Posts Tagged ‘labor’

Marx, Engels and Alienation

Marx, Engels and Alienation

Aware of Friedrich Schiller, Karl Marx was concerned with alienation and recognized the connection between the estrangement of human beings from themselves and from nature and the Industrial Revolution.  Marx re-wrote Schiller’s psychological alienation, as the estrangement of workers in industrial capitalist society from the products of their labor.  Capitalism is based upon money and money is abstract.  If money is abstract, then value is abstract.  Barter for goods and services ceases to exist and is replaced by exchange of money and thus the value of both labor and goods become arbitrary.  Once the worker is alienated from the product produced then the value of his or her labor is rendered arbitrary.  According to Marx,

“…devaluation of human world increases in direct relation with the increase in value of the world of things…” and “…labor does not only create goods’ it also produces itself and the worker as a commodity…” therefore  “…his labor becomes an object…”

Marx’s concept of alienation was worked out in his 1844 essay, “Economic and Philosophical Manuscripts” which set up a triad of alienation: the state is an alienated form of social life, social life is an alienation of labor, and the wage laborer is alienated from the product of his/her labor.  The cause of the alienation of the worker is the unfortunate discovery of surplus value.  As Marx’s writing partner, Friedrich Engels, stated,  “…the appropriation of unpaid labor is the basis of capitalist mode of production and the exploitation of the worker…” Surplus values pocketed by the owner as profit.  What the owner refers to, as “profit” is also, according to Marxist theory, the fundamental incompatibility between mode of production and mode of appropriation.  When the worker was in control of his/her own product, all such “surplus value”, or “profit” accrued directly and only to him/her.

But, as Marx pointed out, surplus labor creates surplus value,  and surplus labor allows exploitation.  Surplus labor is the result of two major factors: an increase in population and the development and use of labor saving machinery increases profits for the owner of the mode of production.  Although the initial capital investment in the machinery was substantial, this investment was finite, compared to ongoing or infinite costs of hiring extra workers.

Under capitalism, the product belongs to the capitalist, not to the worker.  The worker is alienated from the product because his/her actions are performed in relation to the desires of the capitalist.  The laborer becomes a “tool” for the owner and is robbed of “humanity” or of the potential for human development.  Working in a state of “illiteracy”, the wage laborer is trained in one operation and cannot participate in the benefits and achievement of society that is progressing…but only for the middle class.  The products are objects of desire, which the laborer must labor to purchase in a viscous circle of desire and debt and powerlessness.  All workers are competitors with each other because their choice is between work and starvation.  Thus all workers are alienated from each other.

These are the facts of productive life, the fundamental factors that influence the ways in which all other aspects of all human affairs will develop.
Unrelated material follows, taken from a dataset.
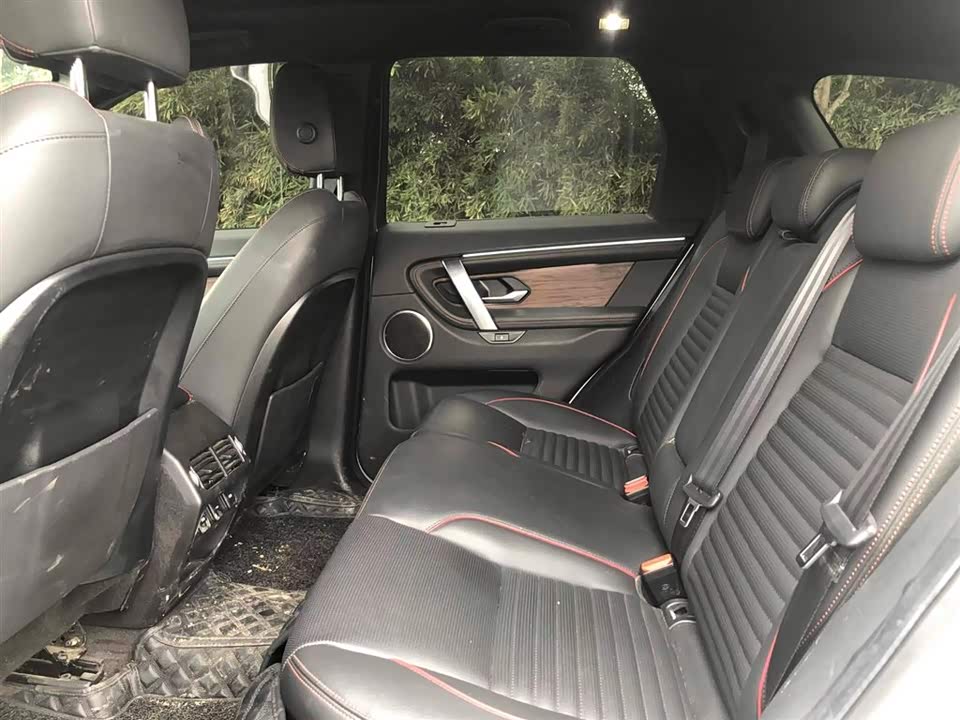 Land Rover Discover sports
The question is why are the workers complicit with a system that enslaves them?  The answer is that their consciousness has been determined by the economic system.  Ideology or the belief system put forward by the ruling classes teaches the laborers to work on employer’s premises and on employer’s terms.

Ideology is a powerful mixture of truth and lies.  Capitalism requires capital or money to invest in a business.  A laboring family may take generations to accumulate the capital necessary to become bourgeoisie. A person from the working class encounters a system that is monopolistic and works to eliminate or bar competitors. The workers are made to believe that their alternative is no job and no wages, and they are made to hope that some day their condition will improve if they are cooperative.
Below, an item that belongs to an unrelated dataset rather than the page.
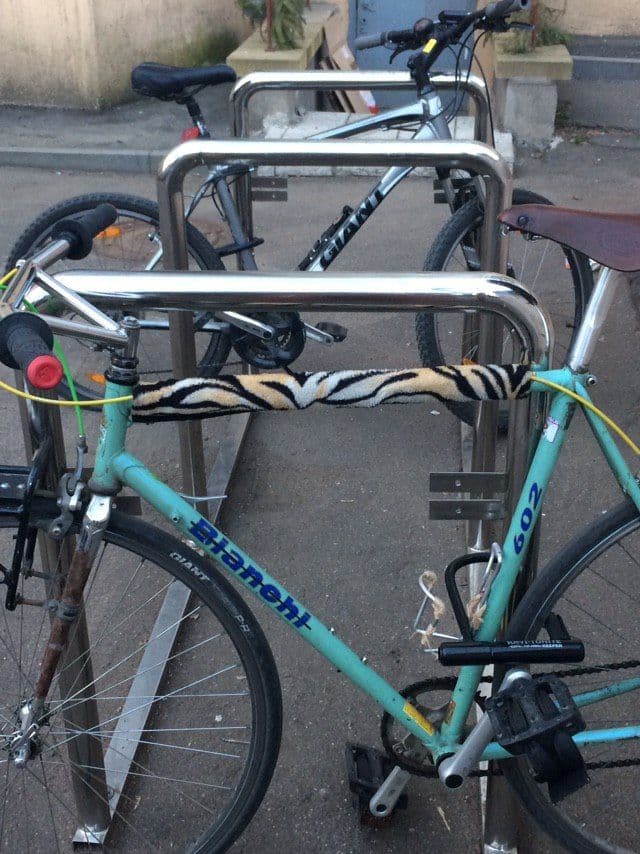 Велосипед, припаркований збоку будівлі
The laborers believe the dreams of success and wealth that capitalism keeps alive and count on the positive effects of social mobility.  The owners of the mode of production, after all, were once lower class people who were rewarded for their hard work.  Surely, the worker thinks, me and my family will also receive the benefits of capitalism.  Laborers labor on, not realizing that fortunes are made within a network of privileges, invisible to the workers, and not upon merit.  Because the workers are in the thrall of an ideology of social and economic improvement, the owners of the mode of production are able to buy labor cheaply and sell goods dearly.

But Marx predicted that the consciousness of the workers will be “raised” and they will see past the veil of ideology, or “false consciousness,” and the proletariat will become aware of itself.  The workers will rise up against the owners and the two classes, the thesis, and the anti-thesis will clash.  The destiny of the proletariat is the truth of dialectical materialism and destruction of capitalism.  The class revolution is inevitable when “false consciousness” is dispelled and proletariat recognizes the exploitation and recaptures its own labor from the masters and institutes a classless society that Marx called the “Dictatorship of the proletariat.” Marx’s dialectical model of change is the revolution and the destruction of one class by another.  According to this model, violence and conflict between classes are fundamental.
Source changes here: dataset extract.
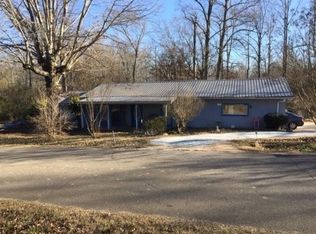 5379 Crawford School Rd, Scotts Hill, TN 38374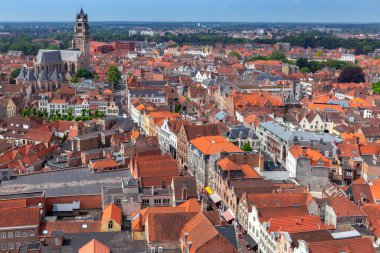 Brugge. Şehrin havadan görünümü.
Although he understood that the economic system determined human consciousness, Marx could not predict is how deeply ideology was embedded in society.  The lower classes continued to reinforce the needs and the dominance of the upper classes who proved to be adept at misleading the workers through misinformation and gaining their cooperation to work against their own interests.  The consciousness of the lower classes was structured to obey the dominant class and no amount of information could release or “raise” the consciousness of the exploited class.  Those who attempted to advise the workers of the “truth” were rejected as elitist oppressors and the familiar and real owners of the mode of production were embraced and defended.  Labor unions could easily be co-opted by management be entangling the worker with the fate and profit of a company.  The poor would reject the very social policies designed to aid them, preferring the known and the familiar, no matter how badly they were treated.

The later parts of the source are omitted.